Agile Software Development - Comparison With Other Methods

Comparison With Other Methods

Methods exist on a continuum from adaptive to predictive. Agile methods lie on the adaptive side of this continuum. Adaptive methods focus on adapting quickly to changing realities. When the needs of a project change, an adaptive team changes as well. An adaptive team will have difficulty describing exactly what will happen in the future. The further away a date is, the more vague an adaptive method will be about what will happen on that date. An adaptive team cannot report exactly what tasks they will do next week, but only which features they plan for next month. When asked about a release six months from now, an adaptive team might be able to report only the mission statement for the release, or a statement of expected value vs. cost.

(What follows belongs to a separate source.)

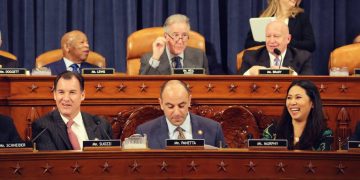 민주당, 경기부양책 세부 입법안 공개 … “연소득 7만 5천달러 미만에 현금 1,400달러”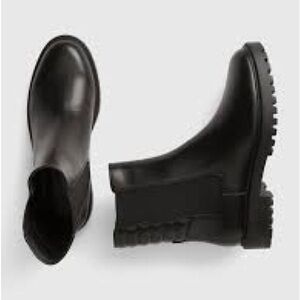 GAP futuristic black moto chelsea boots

Predictive methods, in contrast, focus on analysing and planning the future in detail and cater for known risks. In the extremes, a predictive team can report exactly what features and tasks are planned for the entire length of the development process. Predictive methods rely on effective early phase analysis and if this goes very wrong, the project may have difficulty changing direction. Predictive teams will often institute a change control board to ensure that only the most valuable changes are considered.

Formal methods, in contrast to adaptive and predictive methods, focus on computer science theory with a wide array of types of provers. A formal method attempts to prove the absence of errors with some level of determinism. Some formal methods are based on model checking and provide counter examples for code that cannot be proven. Agile teams may employ highly disciplined formal methods.

Agile methods have much in common with the Rapid Application Development techniques from the 1980/90s as espoused by James Martin and others. In addition to technology-focused methods, customer- and design-centered methods, such as Visualization-Driven Rapid Prototyping developed by Brian Willison, work to engage customers and end users to facilitate agile software development.

In 2008 the Software Engineering Institute (SEI) published the technical report "CMMI or Agile: Why Not Embrace Both" to make clear that Capability Maturity Model Integration and agile can co-exist. CMMI Version 1.3 includes support for Agile Software Development.

One of the differences between agile and waterfall, is that testing of the software is conducted at different points during the software development lifecycle. In the waterfall model, there is a separate testing phase after implementation. In Agile XP, testing is done concurrently with implementation.

In general if most of the unknowns are known (e.g. good requirements, yet to be fully analysed), the Predictive approach may be more suitable. However if there are a lot of unknown unknowns (e.g. requirements which are known to be weak and cannot yet be improved), the agile approach allows incremental maturation and implementation.